▶ EXERCISE DIRECTIONS
Return the lines of the data below starting at the one holding "LOursin | restaurant" and ending at the one holding "Converse comme des", word for word, leaving every picture out.

▶ EXCERPTED RECORDS
----------
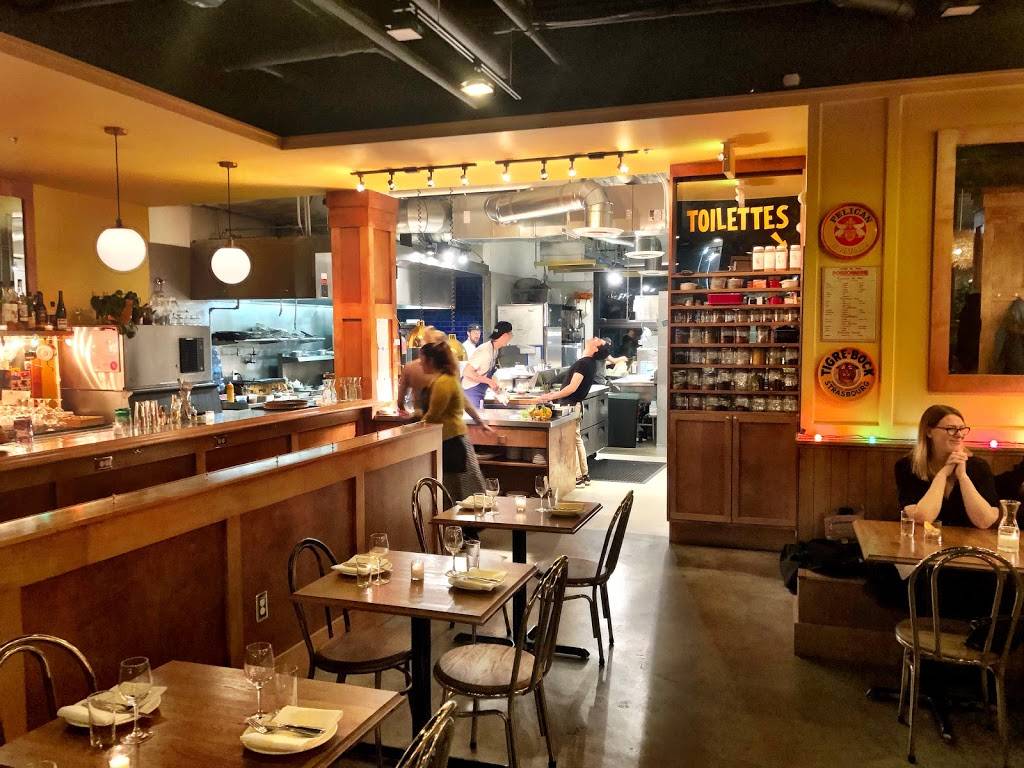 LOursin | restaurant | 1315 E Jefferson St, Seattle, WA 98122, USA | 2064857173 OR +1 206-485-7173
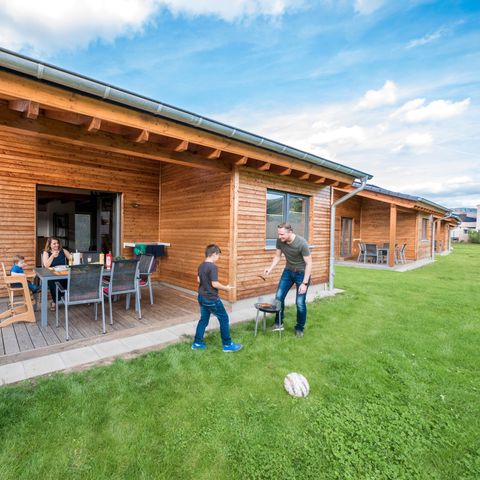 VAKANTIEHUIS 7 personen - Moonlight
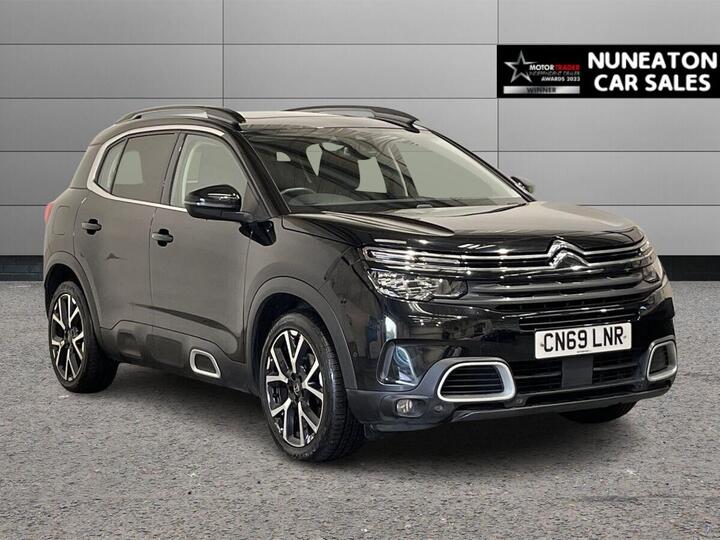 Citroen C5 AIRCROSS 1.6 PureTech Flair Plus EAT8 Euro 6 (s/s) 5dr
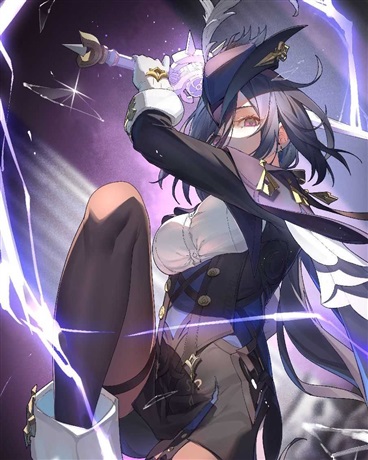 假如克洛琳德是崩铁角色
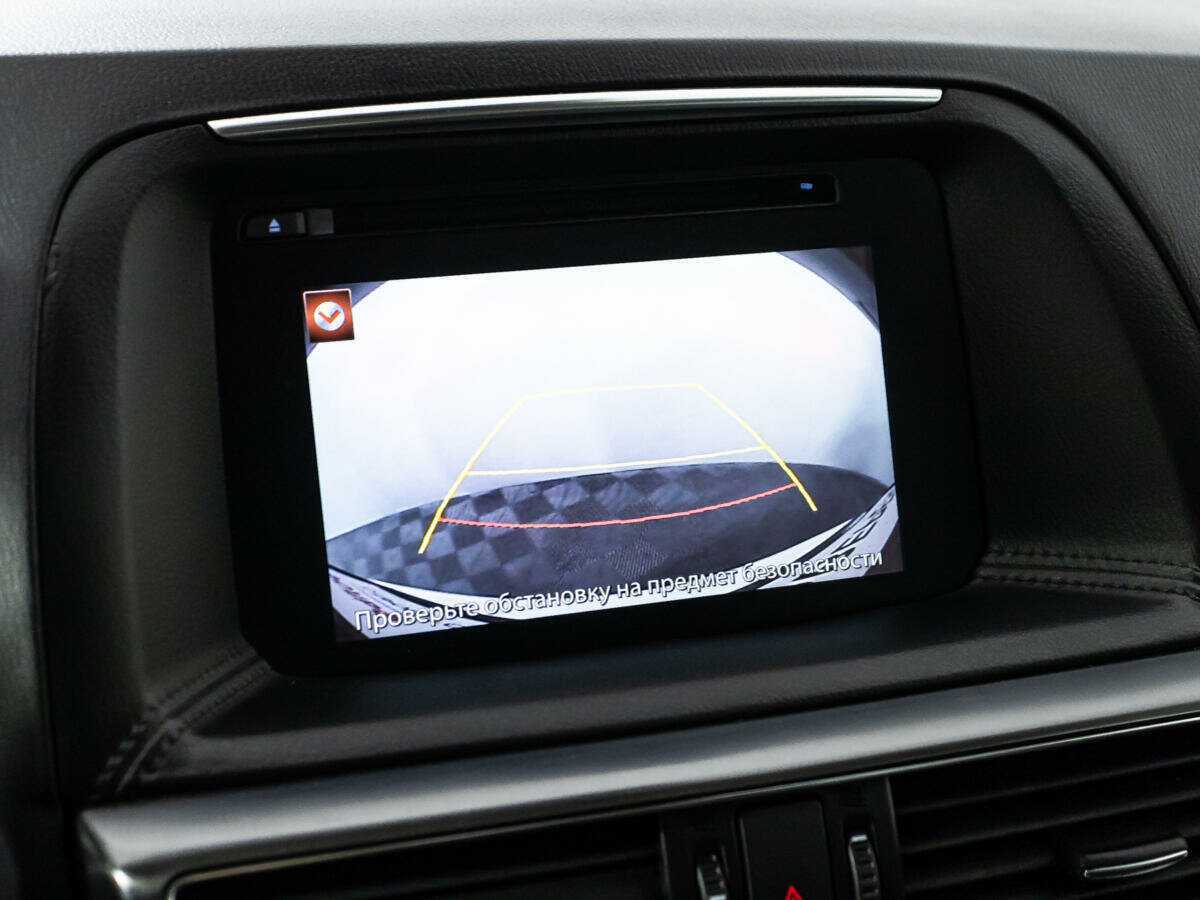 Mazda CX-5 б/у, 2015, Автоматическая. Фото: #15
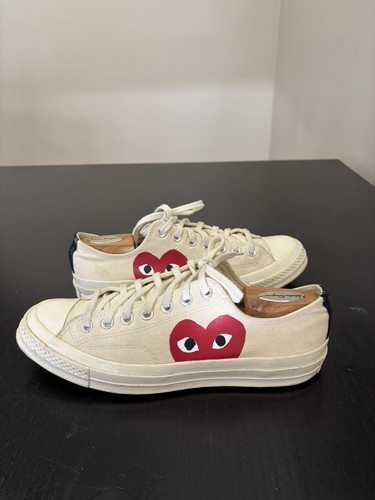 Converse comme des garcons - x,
----------
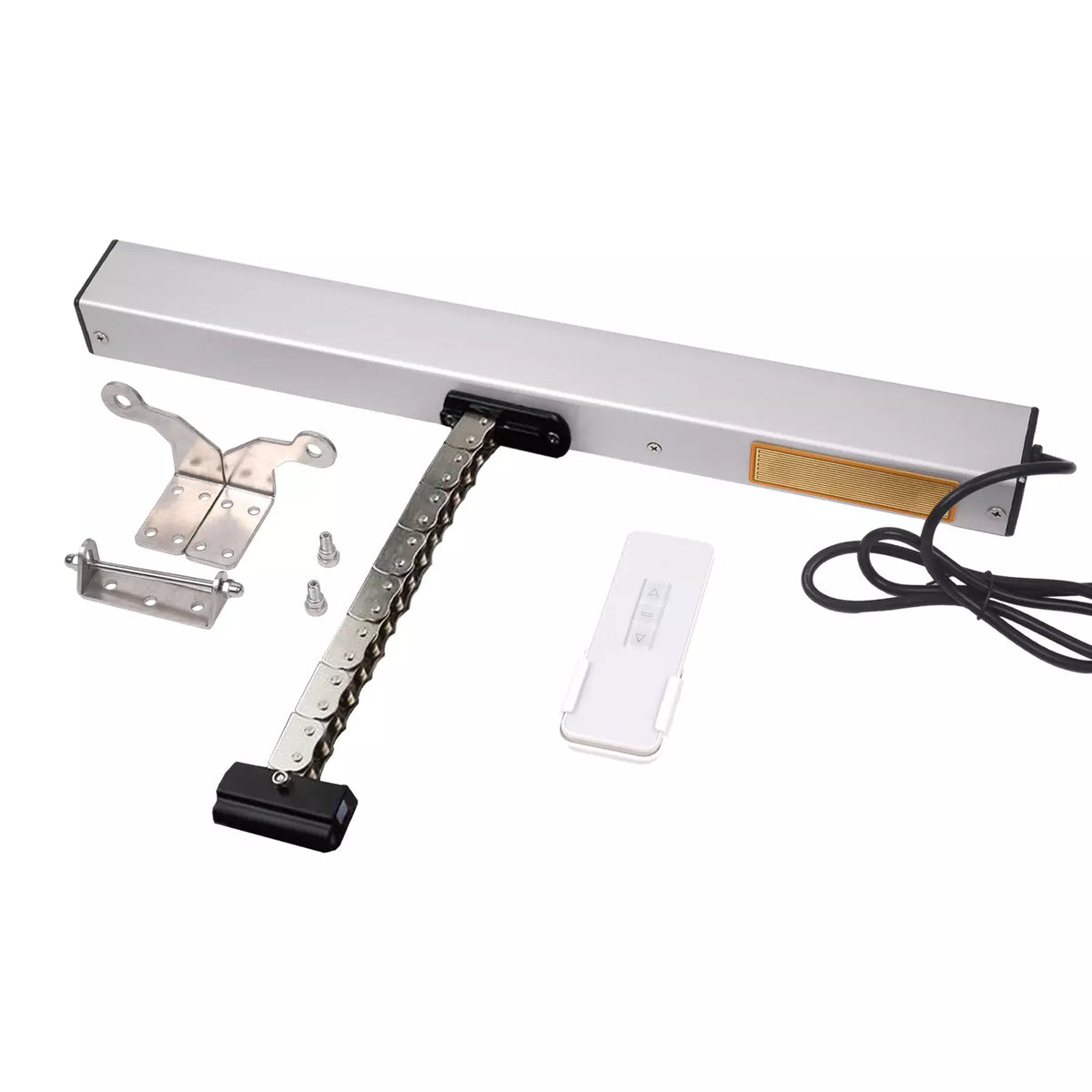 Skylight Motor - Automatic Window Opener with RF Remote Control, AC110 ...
----------
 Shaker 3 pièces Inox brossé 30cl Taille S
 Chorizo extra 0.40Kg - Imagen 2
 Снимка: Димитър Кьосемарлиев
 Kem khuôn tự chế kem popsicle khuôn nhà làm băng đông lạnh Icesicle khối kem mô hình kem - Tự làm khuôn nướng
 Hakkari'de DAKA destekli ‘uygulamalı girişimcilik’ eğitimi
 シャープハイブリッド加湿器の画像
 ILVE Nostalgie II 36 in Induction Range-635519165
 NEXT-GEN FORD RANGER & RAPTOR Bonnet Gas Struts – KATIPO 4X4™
----------
▶ SOLUTION TO THIS TASK
 LOursin | restaurant | 1315 E Jefferson St, Seattle, WA 98122, USA | 2064857173 OR +1 206-485-7173
 VAKANTIEHUIS 7 personen - Moonlight
 Citroen C5 AIRCROSS 1.6 PureTech Flair Plus EAT8 Euro 6 (s/s) 5dr
 假如克洛琳德是崩铁角色
 Mazda CX-5 б/у, 2015, Автоматическая. Фото: #15
 Converse comme des garcons - x,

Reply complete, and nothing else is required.